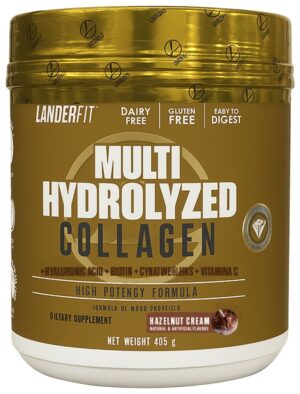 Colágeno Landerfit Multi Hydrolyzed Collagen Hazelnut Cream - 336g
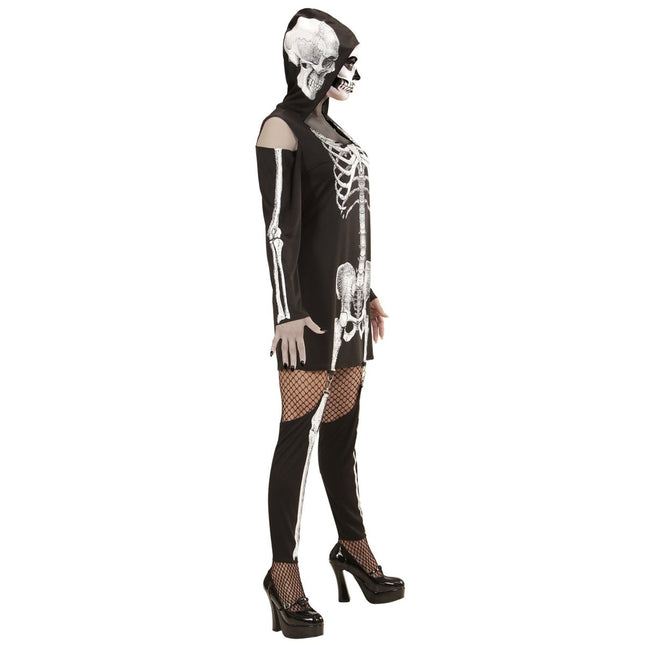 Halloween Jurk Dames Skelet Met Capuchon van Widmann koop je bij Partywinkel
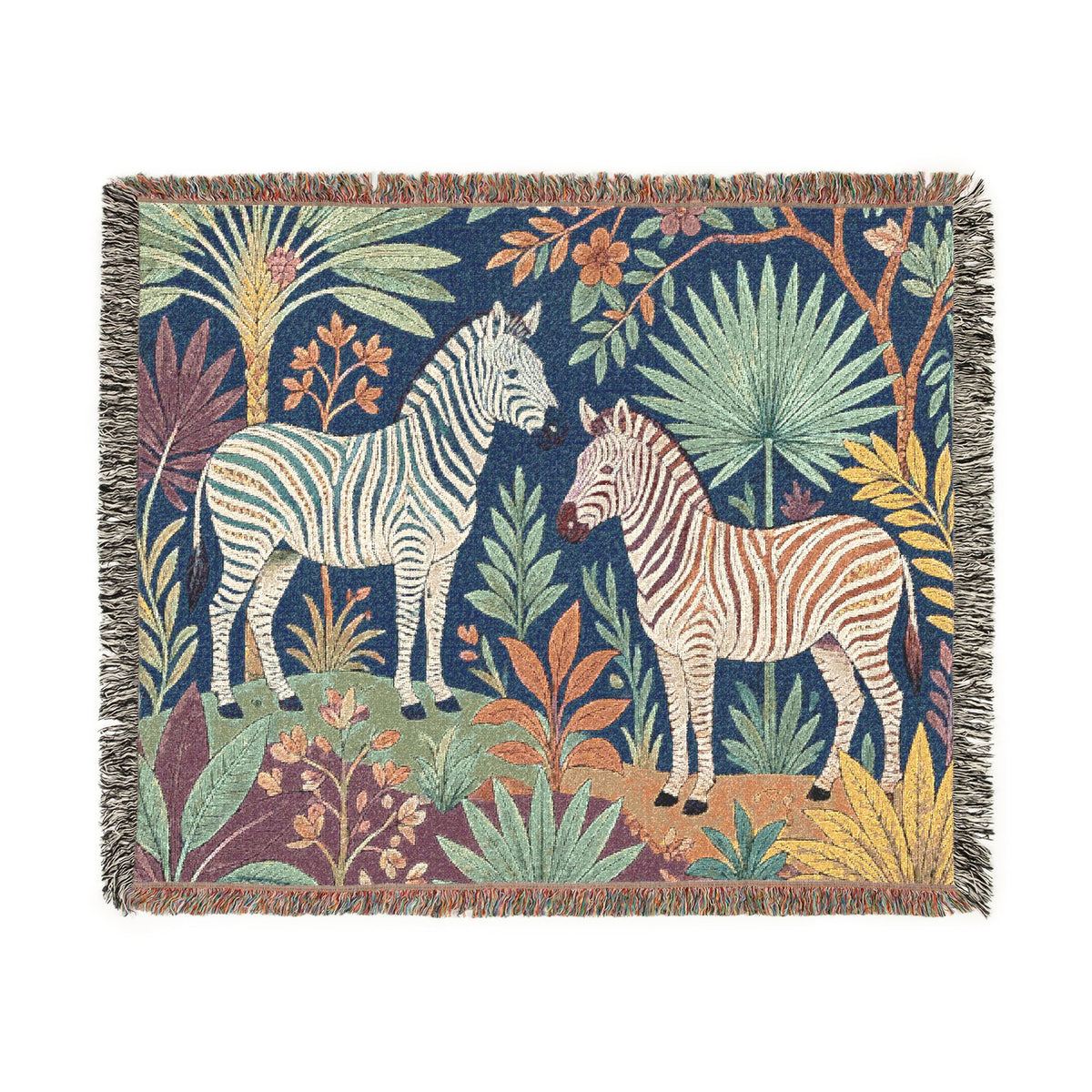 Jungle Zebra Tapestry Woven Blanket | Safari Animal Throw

* * * * * * * * *

■ Problem to work on: Above is a listing with pictures. Write it out exactly without them.

■ Solution for this task:
 Colágeno Landerfit Multi Hydrolyzed Collagen Hazelnut Cream - 336g
 Halloween Jurk Dames Skelet Met Capuchon van Widmann koop je bij Partywinkel
 Jungle Zebra Tapestry Woven Blanket | Safari Animal Throw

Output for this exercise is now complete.